Your goal - Of the lines listed below, return exactly those that run from the line containing "CML Warrior I" through the line containing "Elegant seamless pattern colorful design", both included.

Data listing -
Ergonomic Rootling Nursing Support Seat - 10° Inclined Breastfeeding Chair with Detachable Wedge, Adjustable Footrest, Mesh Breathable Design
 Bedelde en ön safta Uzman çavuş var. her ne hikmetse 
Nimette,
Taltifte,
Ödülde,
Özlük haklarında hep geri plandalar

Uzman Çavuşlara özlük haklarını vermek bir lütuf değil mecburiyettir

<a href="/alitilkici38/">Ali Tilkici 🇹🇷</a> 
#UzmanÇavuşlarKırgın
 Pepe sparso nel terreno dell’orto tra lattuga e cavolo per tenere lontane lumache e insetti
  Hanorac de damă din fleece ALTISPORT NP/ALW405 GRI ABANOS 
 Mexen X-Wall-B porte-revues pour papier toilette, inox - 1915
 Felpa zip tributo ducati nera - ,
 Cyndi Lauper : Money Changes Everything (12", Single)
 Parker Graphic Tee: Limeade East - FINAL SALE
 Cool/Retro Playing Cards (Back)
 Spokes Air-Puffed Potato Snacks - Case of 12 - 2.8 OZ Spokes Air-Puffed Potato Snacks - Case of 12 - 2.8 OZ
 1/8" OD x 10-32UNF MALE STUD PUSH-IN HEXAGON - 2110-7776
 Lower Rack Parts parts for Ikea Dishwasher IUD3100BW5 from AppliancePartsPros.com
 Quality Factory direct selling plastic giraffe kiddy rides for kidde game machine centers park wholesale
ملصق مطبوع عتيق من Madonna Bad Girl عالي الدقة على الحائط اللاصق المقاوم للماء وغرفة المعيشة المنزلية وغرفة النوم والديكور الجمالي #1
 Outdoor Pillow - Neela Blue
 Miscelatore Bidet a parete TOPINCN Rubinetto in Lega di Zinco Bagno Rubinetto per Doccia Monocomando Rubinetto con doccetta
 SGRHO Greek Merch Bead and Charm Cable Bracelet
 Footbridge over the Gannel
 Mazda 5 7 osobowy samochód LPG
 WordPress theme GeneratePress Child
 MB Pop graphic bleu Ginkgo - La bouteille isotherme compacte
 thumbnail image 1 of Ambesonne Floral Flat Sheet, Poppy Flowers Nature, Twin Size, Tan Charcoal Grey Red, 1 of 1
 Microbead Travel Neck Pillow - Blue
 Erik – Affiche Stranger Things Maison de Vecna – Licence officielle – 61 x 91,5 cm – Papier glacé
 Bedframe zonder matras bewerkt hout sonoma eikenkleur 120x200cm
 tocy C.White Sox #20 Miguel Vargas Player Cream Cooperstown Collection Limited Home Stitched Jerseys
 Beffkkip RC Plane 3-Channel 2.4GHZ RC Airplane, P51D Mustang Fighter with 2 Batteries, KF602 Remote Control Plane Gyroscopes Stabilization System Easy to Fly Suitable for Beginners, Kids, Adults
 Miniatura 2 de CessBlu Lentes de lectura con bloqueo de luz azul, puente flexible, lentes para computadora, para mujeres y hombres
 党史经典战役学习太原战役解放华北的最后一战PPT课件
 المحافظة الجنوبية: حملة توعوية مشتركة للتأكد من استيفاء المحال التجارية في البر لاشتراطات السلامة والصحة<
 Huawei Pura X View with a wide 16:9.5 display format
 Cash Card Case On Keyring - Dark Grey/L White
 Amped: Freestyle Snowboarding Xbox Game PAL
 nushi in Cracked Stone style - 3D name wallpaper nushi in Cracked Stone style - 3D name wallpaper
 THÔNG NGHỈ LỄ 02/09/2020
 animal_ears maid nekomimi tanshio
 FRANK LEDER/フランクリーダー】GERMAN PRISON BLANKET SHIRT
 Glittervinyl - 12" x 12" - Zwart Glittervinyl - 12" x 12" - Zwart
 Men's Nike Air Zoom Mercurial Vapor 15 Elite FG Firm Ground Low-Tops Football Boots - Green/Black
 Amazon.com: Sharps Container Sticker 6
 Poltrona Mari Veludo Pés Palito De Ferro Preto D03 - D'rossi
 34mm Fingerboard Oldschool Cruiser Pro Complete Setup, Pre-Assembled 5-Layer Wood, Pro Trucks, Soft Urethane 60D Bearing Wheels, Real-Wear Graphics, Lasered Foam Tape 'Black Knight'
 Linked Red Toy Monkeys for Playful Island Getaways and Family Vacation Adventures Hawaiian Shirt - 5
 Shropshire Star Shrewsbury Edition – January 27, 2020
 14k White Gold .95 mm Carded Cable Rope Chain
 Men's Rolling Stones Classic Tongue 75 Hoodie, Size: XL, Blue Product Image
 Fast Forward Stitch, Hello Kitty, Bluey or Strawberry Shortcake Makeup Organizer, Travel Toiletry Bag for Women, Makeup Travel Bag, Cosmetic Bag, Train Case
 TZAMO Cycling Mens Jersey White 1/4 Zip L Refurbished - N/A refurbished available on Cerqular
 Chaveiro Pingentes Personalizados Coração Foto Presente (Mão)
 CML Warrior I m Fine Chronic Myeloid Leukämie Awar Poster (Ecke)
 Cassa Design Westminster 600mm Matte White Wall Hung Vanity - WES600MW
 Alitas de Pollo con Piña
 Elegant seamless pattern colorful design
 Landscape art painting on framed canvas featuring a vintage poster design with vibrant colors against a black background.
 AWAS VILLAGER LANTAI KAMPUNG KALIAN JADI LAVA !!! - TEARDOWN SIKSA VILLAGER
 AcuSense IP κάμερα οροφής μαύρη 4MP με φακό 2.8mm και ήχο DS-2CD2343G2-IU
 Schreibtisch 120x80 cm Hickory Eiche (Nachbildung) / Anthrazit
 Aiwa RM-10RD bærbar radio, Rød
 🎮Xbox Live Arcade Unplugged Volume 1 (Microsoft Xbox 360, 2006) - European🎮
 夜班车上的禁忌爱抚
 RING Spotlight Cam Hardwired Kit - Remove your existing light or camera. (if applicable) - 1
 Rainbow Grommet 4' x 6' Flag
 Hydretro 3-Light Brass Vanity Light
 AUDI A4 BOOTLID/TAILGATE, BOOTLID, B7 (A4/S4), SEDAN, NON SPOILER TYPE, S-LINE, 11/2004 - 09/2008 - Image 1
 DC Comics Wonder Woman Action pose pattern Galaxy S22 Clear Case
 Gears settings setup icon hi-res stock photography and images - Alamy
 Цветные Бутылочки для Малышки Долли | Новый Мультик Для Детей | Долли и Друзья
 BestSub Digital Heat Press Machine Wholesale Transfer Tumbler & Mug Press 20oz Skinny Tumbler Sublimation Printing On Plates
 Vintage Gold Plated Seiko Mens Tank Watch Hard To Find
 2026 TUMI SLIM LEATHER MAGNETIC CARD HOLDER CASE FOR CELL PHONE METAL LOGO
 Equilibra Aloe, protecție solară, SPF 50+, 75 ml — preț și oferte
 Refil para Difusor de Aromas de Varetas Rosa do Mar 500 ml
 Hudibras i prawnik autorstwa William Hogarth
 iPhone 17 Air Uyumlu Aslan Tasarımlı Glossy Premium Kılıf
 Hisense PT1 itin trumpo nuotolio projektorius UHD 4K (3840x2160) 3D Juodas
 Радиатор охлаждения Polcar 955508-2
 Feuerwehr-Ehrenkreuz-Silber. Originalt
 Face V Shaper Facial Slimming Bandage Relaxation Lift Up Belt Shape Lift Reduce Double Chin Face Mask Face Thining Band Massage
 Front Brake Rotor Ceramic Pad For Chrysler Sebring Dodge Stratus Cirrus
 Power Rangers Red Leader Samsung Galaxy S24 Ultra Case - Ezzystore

Answer space -
 CML Warrior I m Fine Chronic Myeloid Leukämie Awar Poster (Ecke)
 Cassa Design Westminster 600mm Matte White Wall Hung Vanity - WES600MW
 Alitas de Pollo con Piña
 Elegant seamless pattern colorful design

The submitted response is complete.